Trump vetoed a bipartisan bill that would have required the Education Department to implement an Obama-era version of the borrower defense rule, a legal process borrowers can use to have their student loans cancelled if they believe they’ve been defrauded by their colleges.
The veto is the latest in a years-long controversy over the rule. Though on the books since the 1990s, the provision was rarely used until 2015 when amid the collapse of major for-profit college chain, Corinthian Colleges, borrowers began clamoring for relief under the law. In response to those debtors and pressure from advocates who organized them, the Obama administration created a process borrowers could use to file claims under the law.
Tens of thousands of borrowers from other for-profit colleges, including the now defunct ITT Technical Institute, filed for relief under the law, claiming their colleges used misleading job placement and graduation rates to lure them into taking on student loans, among other allegations.
Under DeVos, the Department of Education heightened the burden of proof for borrowers seeking relief, requiring them, among other provisions, to provide evidence that they’d been harmed financially by their schools’ actions.

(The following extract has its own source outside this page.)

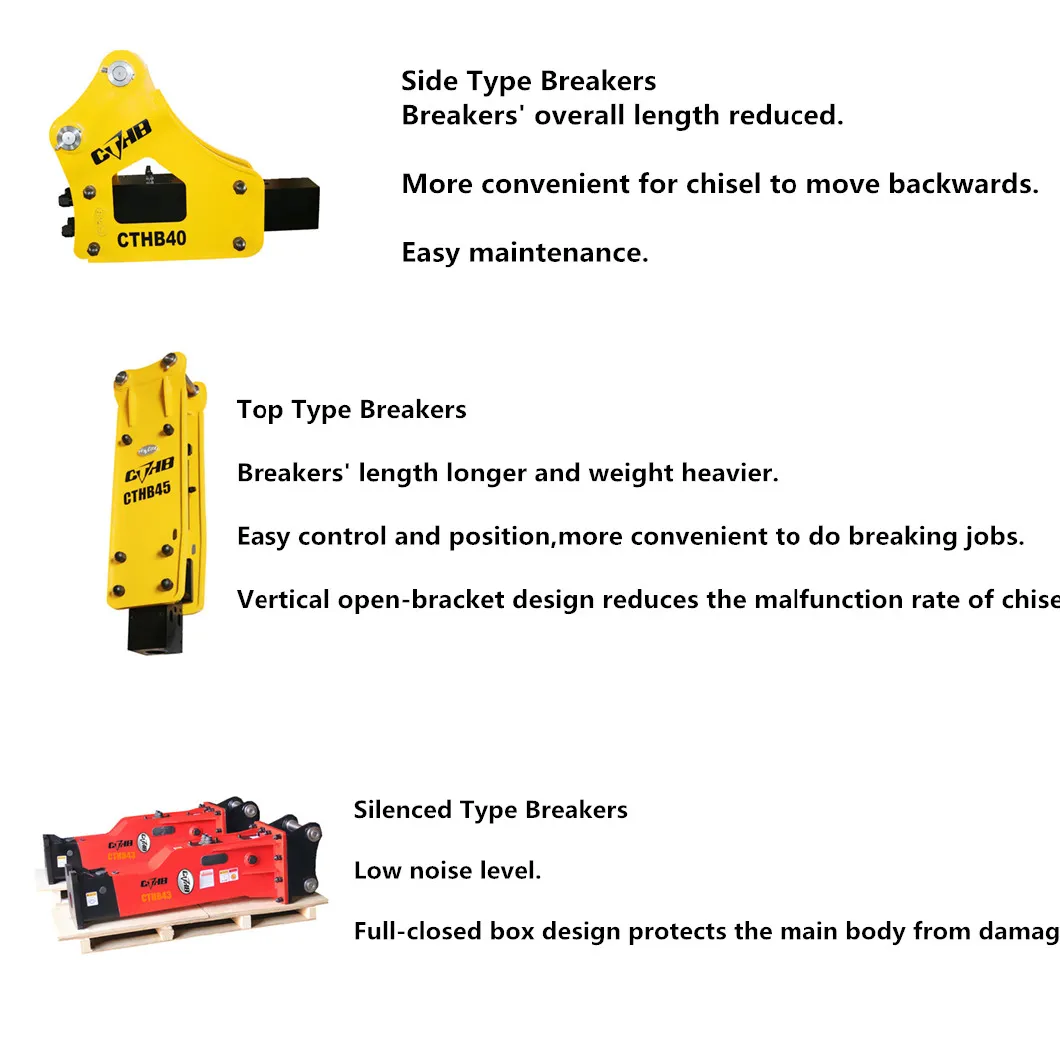 Mining Exploring Used Hydraulic Breaker, Hydraulic Hammer, Rock Hammer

Borrower advocates have argued that the DeVos version of the rule would make it difficult for borrowers who had been scammed to obtain relief.

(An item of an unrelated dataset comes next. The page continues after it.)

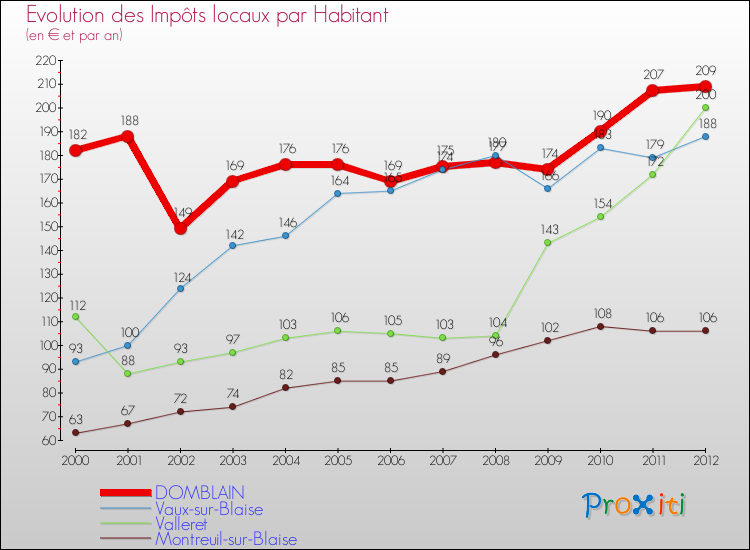 Evolution et montant des impôts locaux par Habitant pour DOMBLAIN et les communes proches Comparaison des impôts locaux par habitant pour DOMBLAIN et les communes voisines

The DeVos-era Department of Education and its supporters have argued that their version of the rule would correct the “overreach” by the Obama administration and save taxpayers $11 billion over the next 10 years.
The bill, passed by the House in January and the Senate in March with the support of several Republican senators would have required the Department of Education to implement the Obama-era version of the rule.
If lawmakers are unable to override Trump’s veto, the DeVos version of the rule will take effect on July 1.